Leftists – double standards – etc etc etc.
Pulling out a small piece of a post I quoted on the Facecrime thread today:
“How is it OK to make a national news story out of not liking someone’s smile? Mocking someone’s smile is as bad as telling someone they have to smile more, and we’re all supposed to think the latter is blatantly offensive, right?”
One of the commenters at the PJ post mentions that the lawsuits should not be limited to the leftist pundits, but include any “conservative” writers who double-down and don’t apologize.
Works for me.
“. . . people invert truth and falsehood, good and evil, right and wrong, and never see themselves as perpetrators of the same sins they attribute to others.” [Aesop Fan @ 4:12 pm]
It’s not that they don’t see themselves as committing the same sin. It’s a method of attack which has become so systematized that it has a name. DARVO: Deny, Attack, Reverse Victim and Opressor.
Good for Robert Barnes! It’s about time! This is a perfect case, too. These students are not public figures, and they are minors. The NY Times, WaPo, magazine writers, entertainment celebrities, and even members of Congress can’t hide behind the Sullivan ruling.
It won’t be enough. I don’t know if anything will be enough. The genie is way out of the bottle – when these kids are denied something important in the future, they won’t be told they’re being denied because of this, but it’ll always be out there.
And it’s true for all of us who don’t toe the appropriate line. I’m a nice person who wishes ill on no one, but I’m not a Leftist; at the moment I live in Texas and feel fairly free to Live While Republican, but we’re likely to move to the West Coast once we figure out where all our kids will be settling down, and at that point I have the choice of being brave, out, and proud like our host, or risking reputation and livelihood if something I say turns out to be a microaggression. I don’t like my chances.
And eventually perhaps one of them will be a Supreme Court nominee, and the deathless spawn of the likes of M. Hironoluluhito will have a grand old time retrieving their pitchforks to stick into him.
.
The thing with “passive-aggressive” is that the term itself is an irrefutable claim and a get-out-of-jail free card.
. . .
To the present posting: I wish to announce my agreement with all. Well said, and well done Mr. Barnes!. And thanks, Neo, for passing on the news.

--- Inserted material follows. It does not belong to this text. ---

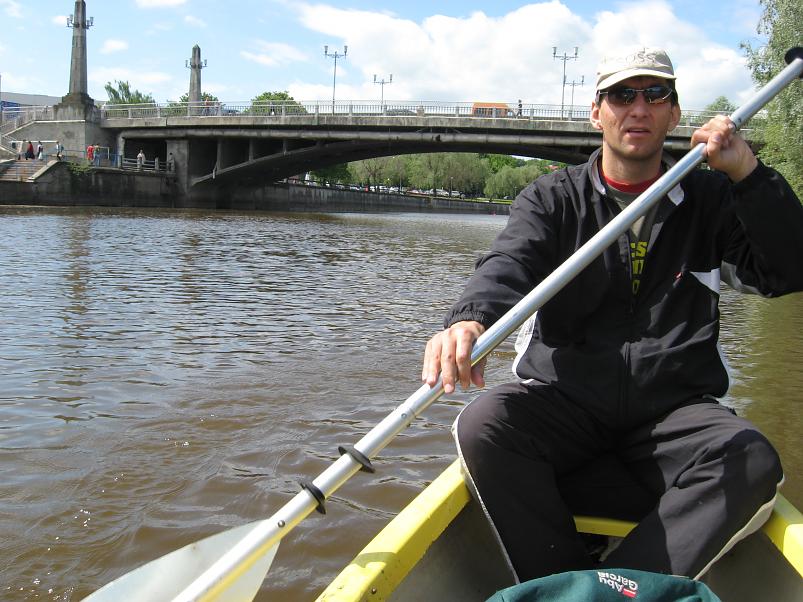 Tartust Peipsisse 2007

T on January 23, 2019 at 5:03 pm at 5:03 pm said:
“. . . people invert truth and falsehood, good and evil, right and wrong, and never see themselves as perpetrators of the same sins they attribute to others.” [Aesop Fan @ 4:12 pm]
It’s not that they don’t see themselves as committing the same sin. It’s a method of attack which has become so systematized that it has a name. DARVO: Deny, Attack, Reverse Victim and Opressor.
* * *
Thanks for the information. I am sure the Left’s leadership knows this tactic well.
The useful idiots, however, are probably clueless.